● EXERCISE DIRECTIONS:
Every line from the start of the data through the line containing "韓系女裝 女生衣著 A01-1244)" should be retyped exactly; the pictures should not.

......

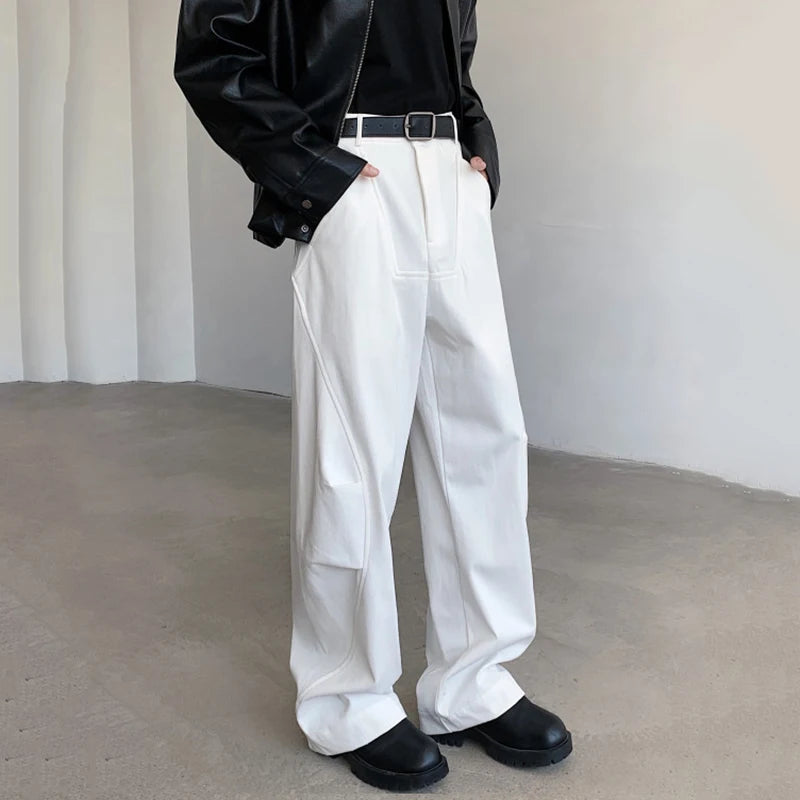 Spring 2025 Casual Pants Men's Wear Deconstructive Design Splicing Curved Knife Trousers New Fashion Tide White 9C6990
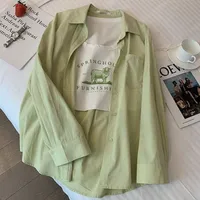 Plus Size 1.0-150kg Lazy Style Green Shirt Top For Women Spring & Fall New Style Loose And Versatile Thin Hong Kong Style Jacket main image 3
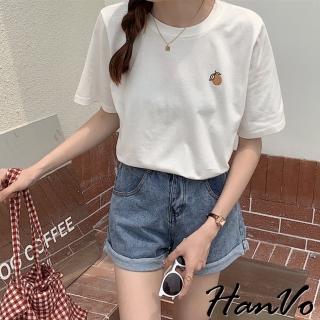 【HanVo】現貨 濟州島的小橘子刺繡純棉T(百搭顯瘦圓領短袖上衣 簡約時尚T恤 韓系女裝 女生衣著 A01-1244)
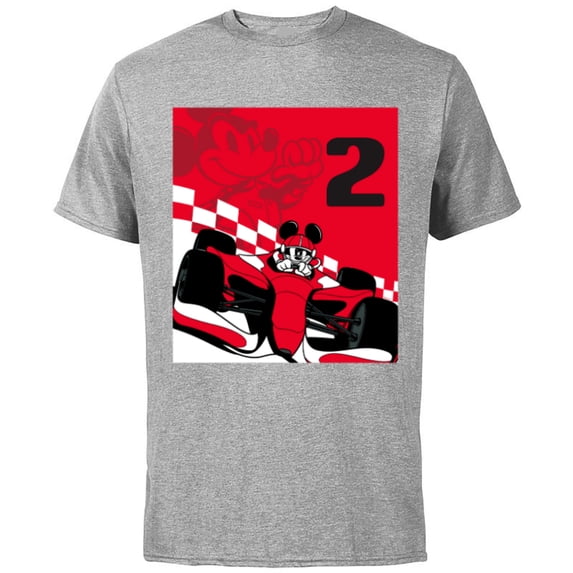 Disney Racing 2nd Birthday 2 Years Old Mickey Mouse Race Car - Short Sleeve Cotton T-Shirt for Adults - Customized-Athletic Heather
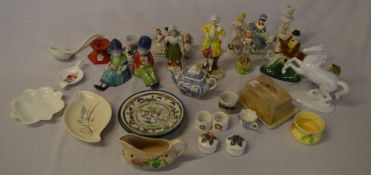 Ceramic figures, mainly continental, plates, butter dish etc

......

● RESPONSE TO THE TASK:
 Spring 2025 Casual Pants Men's Wear Deconstructive Design Splicing Curved Knife Trousers New Fashion Tide White 9C6990
 Plus Size 1.0-150kg Lazy Style Green Shirt Top For Women Spring & Fall New Style Loose And Versatile Thin Hong Kong Style Jacket main image 3
 【HanVo】現貨 濟州島的小橘子刺繡純棉T(百搭顯瘦圓領短袖上衣 簡約時尚T恤 韓系女裝 女生衣著 A01-1244)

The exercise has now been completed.